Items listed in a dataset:

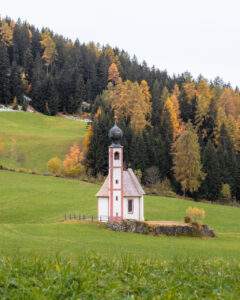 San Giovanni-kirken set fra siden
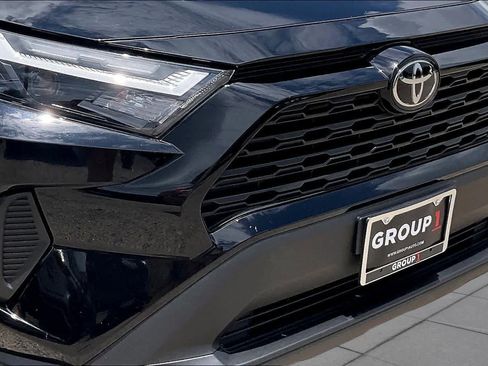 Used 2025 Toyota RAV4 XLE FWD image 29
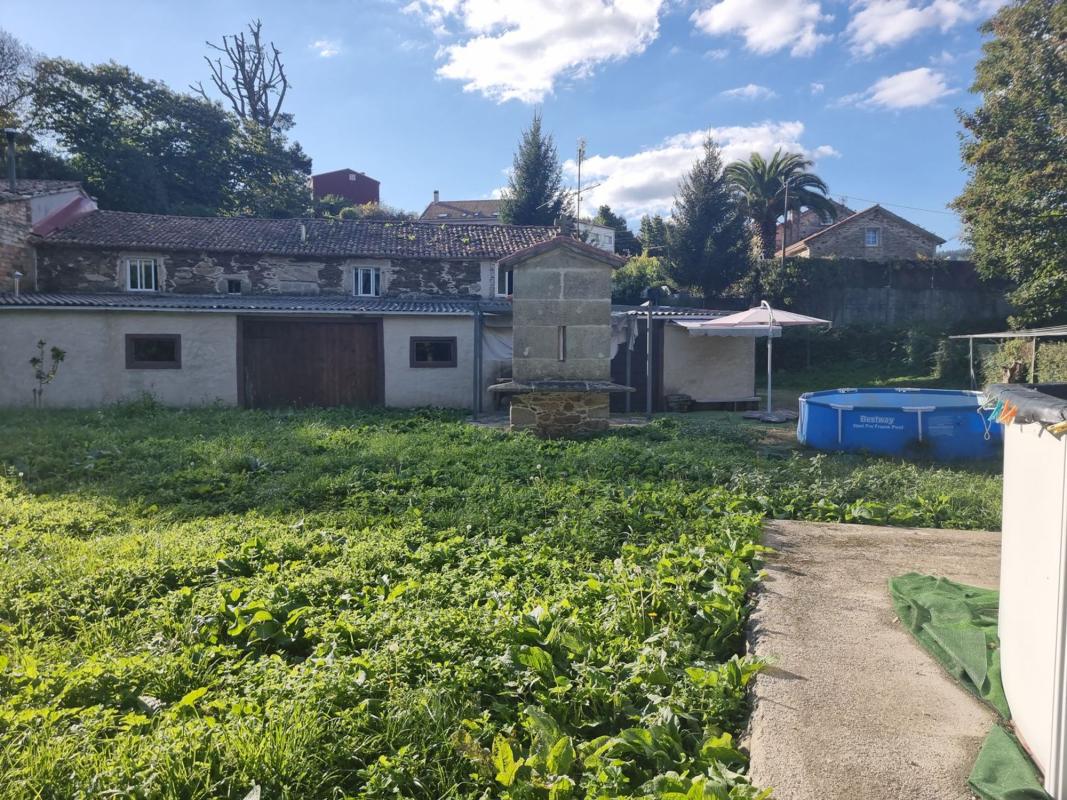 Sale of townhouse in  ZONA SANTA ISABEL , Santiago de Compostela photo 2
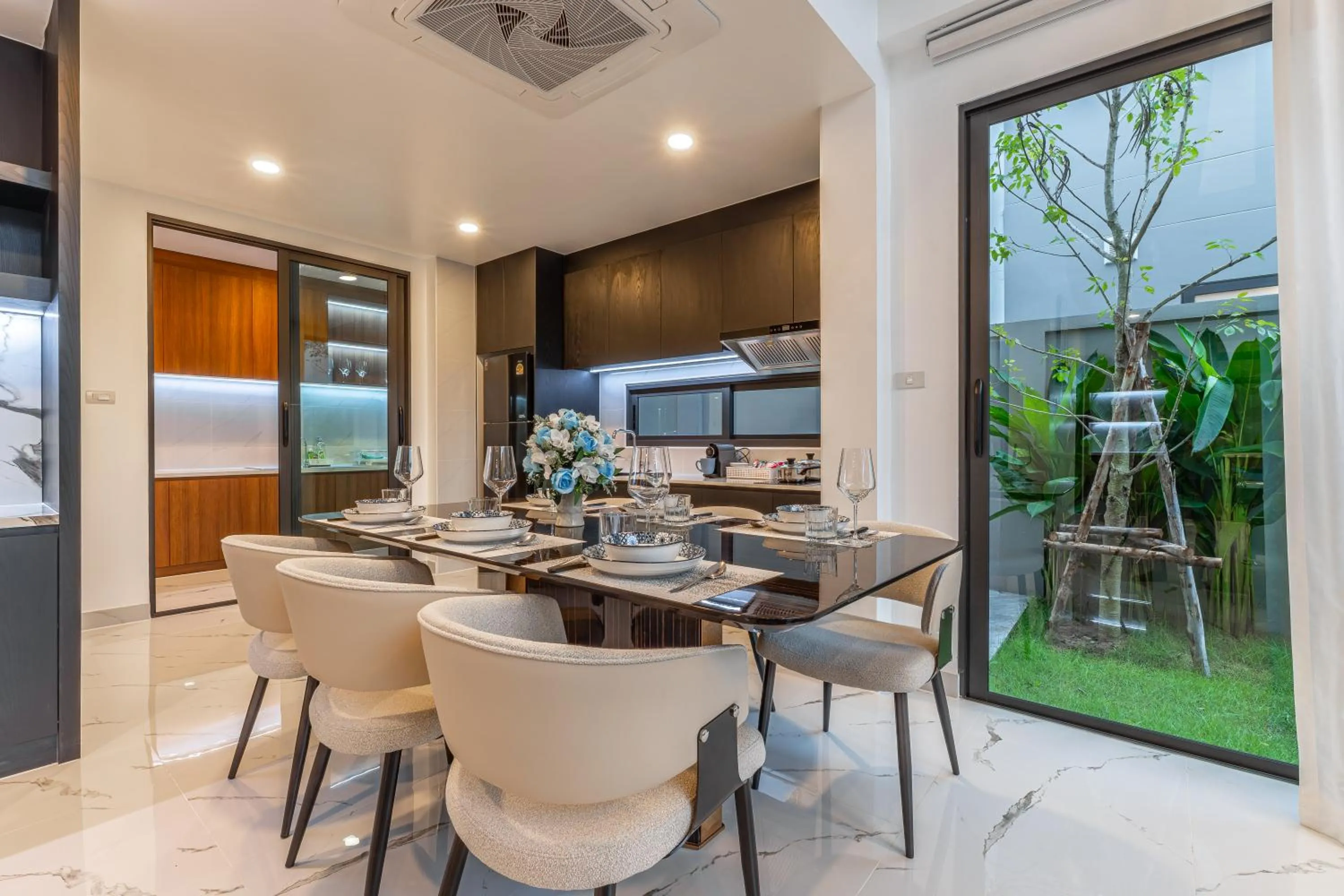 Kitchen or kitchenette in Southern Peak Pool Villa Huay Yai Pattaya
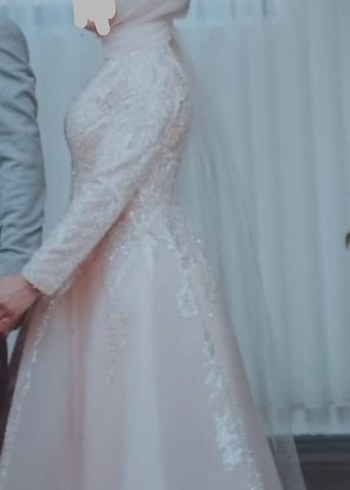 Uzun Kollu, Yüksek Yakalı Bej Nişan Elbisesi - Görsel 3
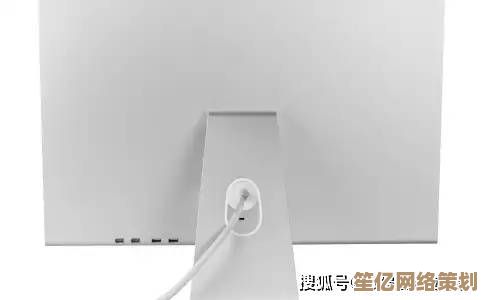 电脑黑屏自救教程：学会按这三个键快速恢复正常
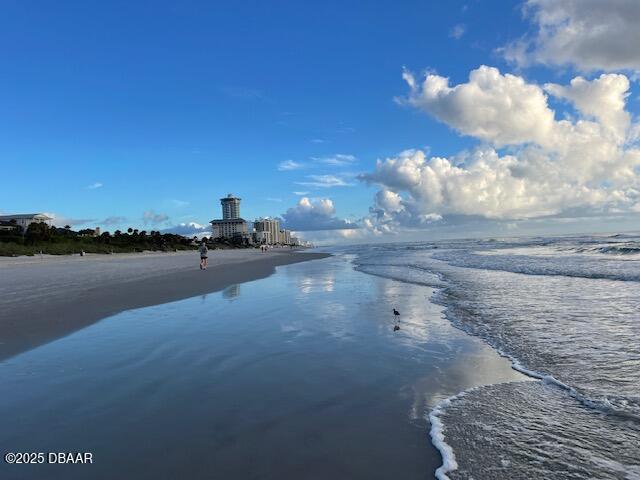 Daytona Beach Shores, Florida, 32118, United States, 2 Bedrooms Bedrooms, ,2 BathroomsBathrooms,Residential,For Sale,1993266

### To do
Give again exactly the lines from the one holding "Used 2025 Toyota RAV4 XLE FWD image 29" to the final line of the records, both ends included, and nothing more. Pictures do not belong in the copy.

### Problem solution
 Used 2025 Toyota RAV4 XLE FWD image 29
 Sale of townhouse in  ZONA SANTA ISABEL , Santiago de Compostela photo 2
 Kitchen or kitchenette in Southern Peak Pool Villa Huay Yai Pattaya
 Uzun Kollu, Yüksek Yakalı Bej Nişan Elbisesi - Görsel 3
 电脑黑屏自救教程：学会按这三个键快速恢复正常
 Daytona Beach Shores, Florida, 32118, United States, 2 Bedrooms Bedrooms, ,2 BathroomsBathrooms,Residential,For Sale,1993266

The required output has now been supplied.